In her will, the deceased left the balance of the estate to be held on trust by the executor for the benefit of the deceased's three children and her grandchildren. If the trust failed, the whole of the balance of the estate was to be divided into ten equal parts of which the plaintiff grandson would receive one part while other parts would be divided amongst the deceased's children.
The plaintiff argued that, given the grandson's position as a dependent of the deceased, and his ongoing need for financial support, he ought to receive a larger share of the estate.
In this case, the Judge agreed, noting that the child was obviously eligible for a share of the estate - given the close personal relationship he had with the deceased and the family connection between the two.
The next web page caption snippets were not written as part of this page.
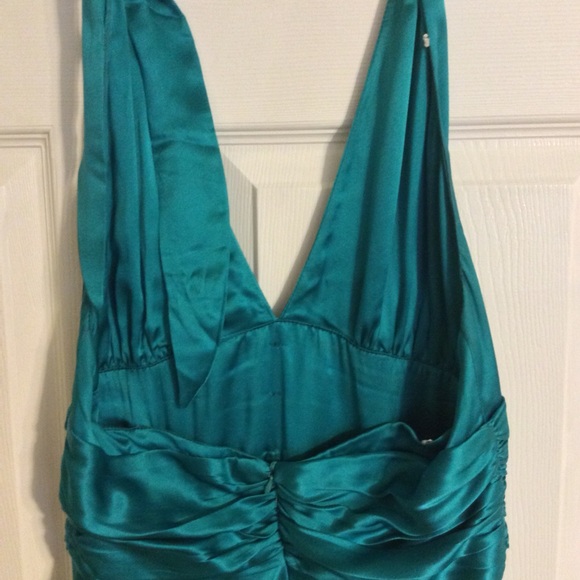 Green Halter Dress - Picture 4 of 5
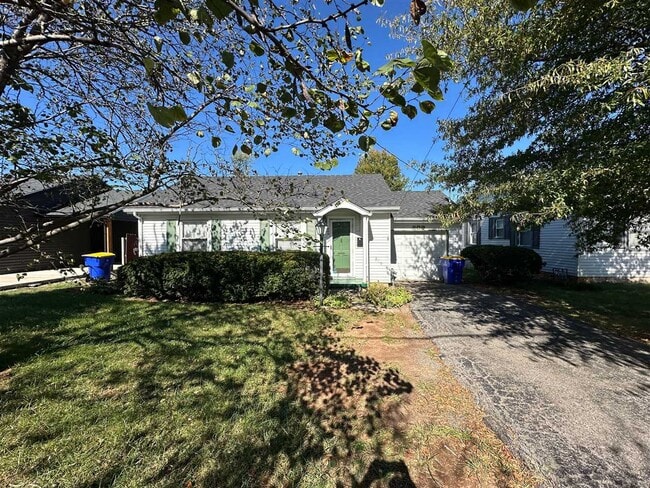 809 Nutwood St in Bowling Green, KY - Building Photo - Building Photo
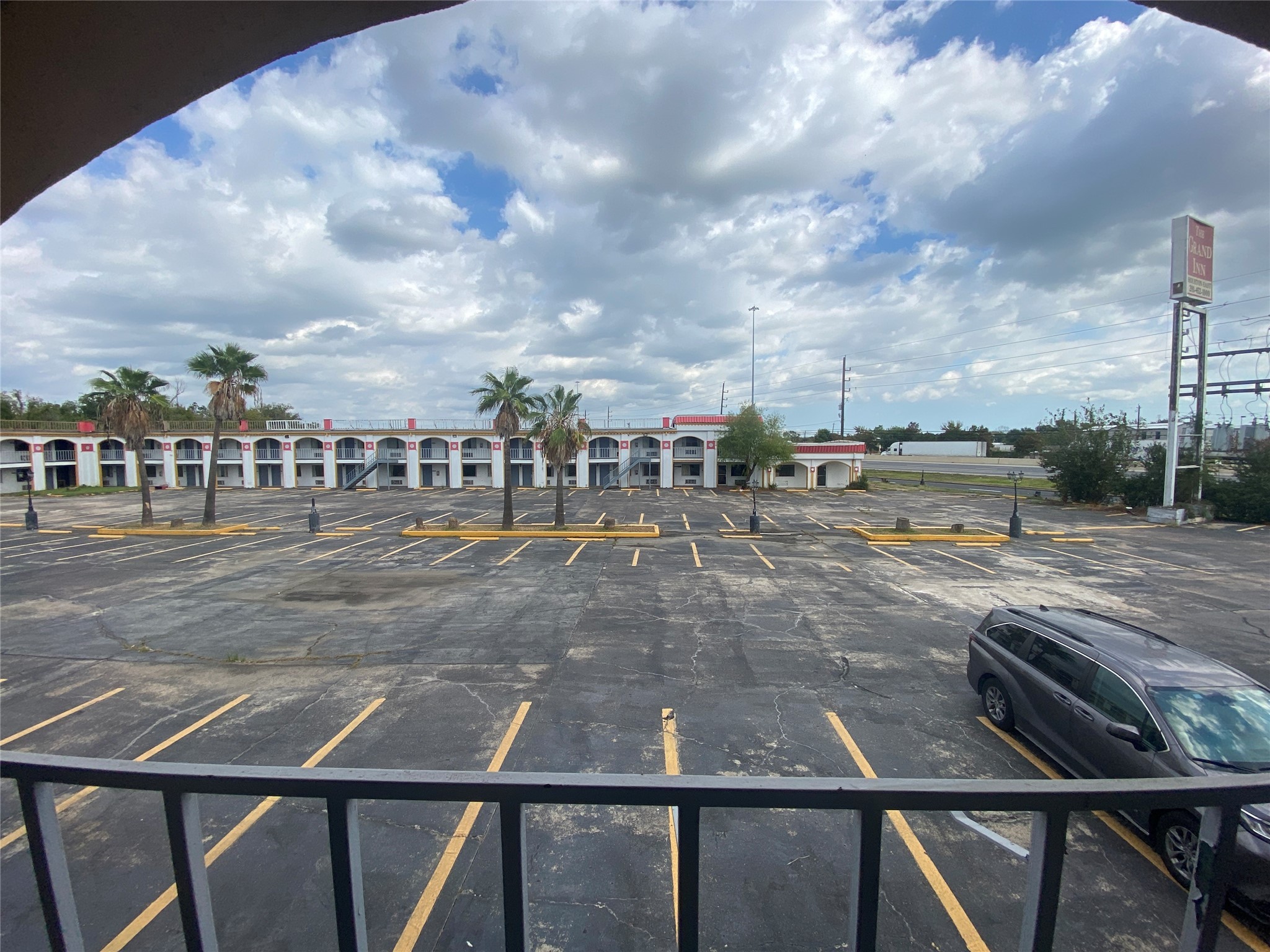15919 E Freeway Property Photo 2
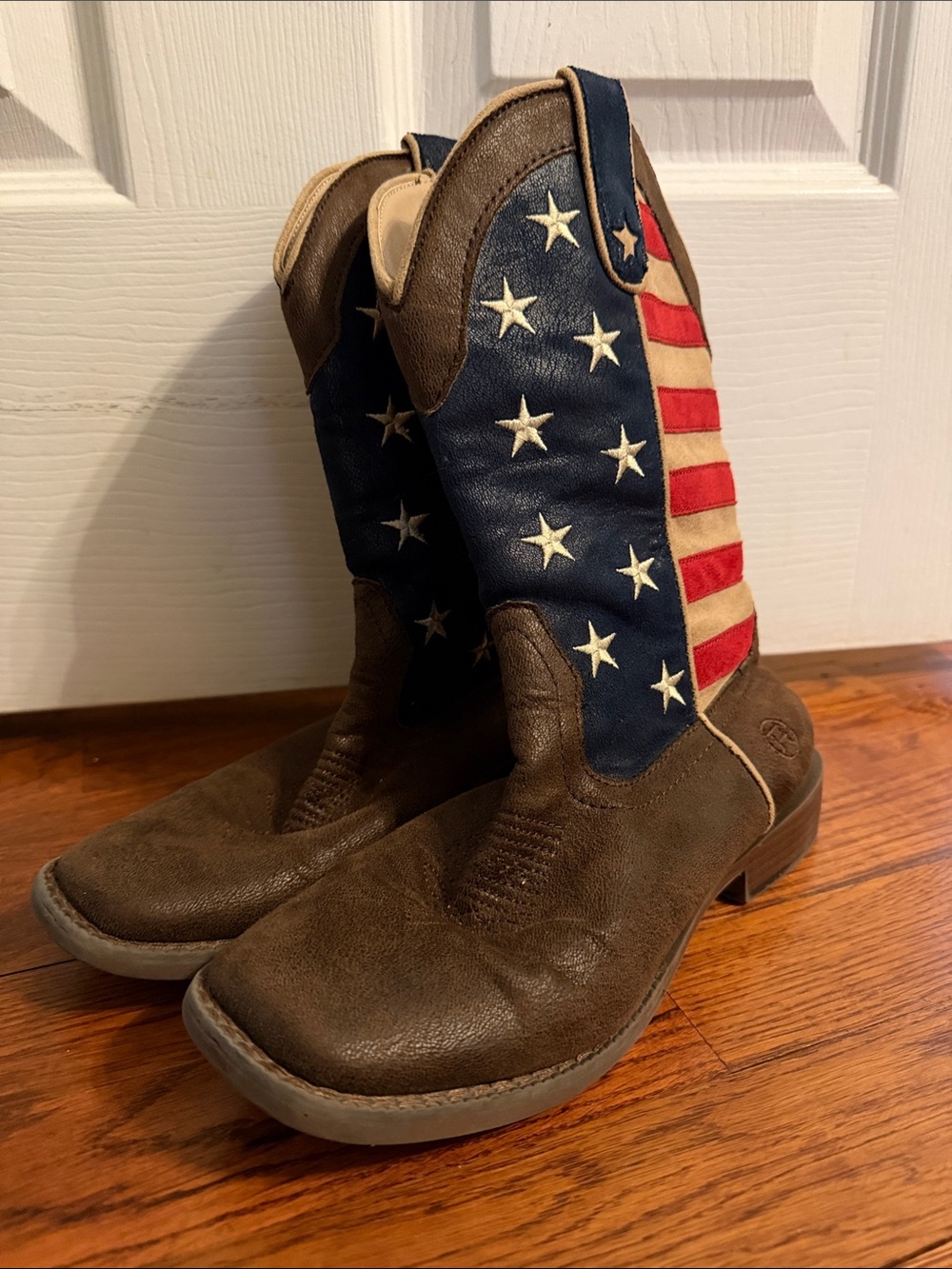 Roper Brown Leather Cowboy Boots with Blue, Red & Cream American Flag Shaft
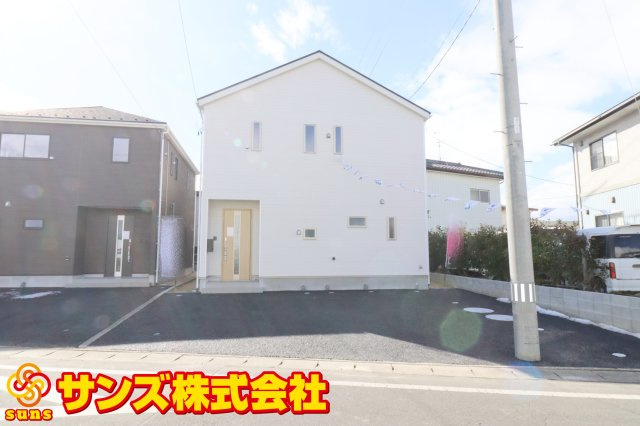 本宮市仁井田字糀壇　　　1号棟　　　五百川小学校、本宮第２中学区の外観|北側から見た駐車場を含む外観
The Judge also agreed that the fact the deceased was the main caregiver for the grandson would also demonstrate an ongoing commitment to the child's maintenance.
However, the court did not award the full amount sought by the plaintiff in this case, which was estimated at $250,000. Instead, the Judge determined a more appropriate amount would be $195,000 in the form of a lump sum payment to be held on trust for the grandson's benefit. The remaining balance of the estate would be held in another trust.
This case was the third provision claim made against the estate. Both the child's mother and half brother successfully settled their family provision claims with the estate prior to the hearing.
For others in this situation, this case highlights the importance of updating your will, especially if it doesn't contain adequate provision for any children you are responsible for, such as a grandchild. Those who receive custody of a child following a death within the family will also need to understand the child's rights, in case they have not received an adequate provision from the estate.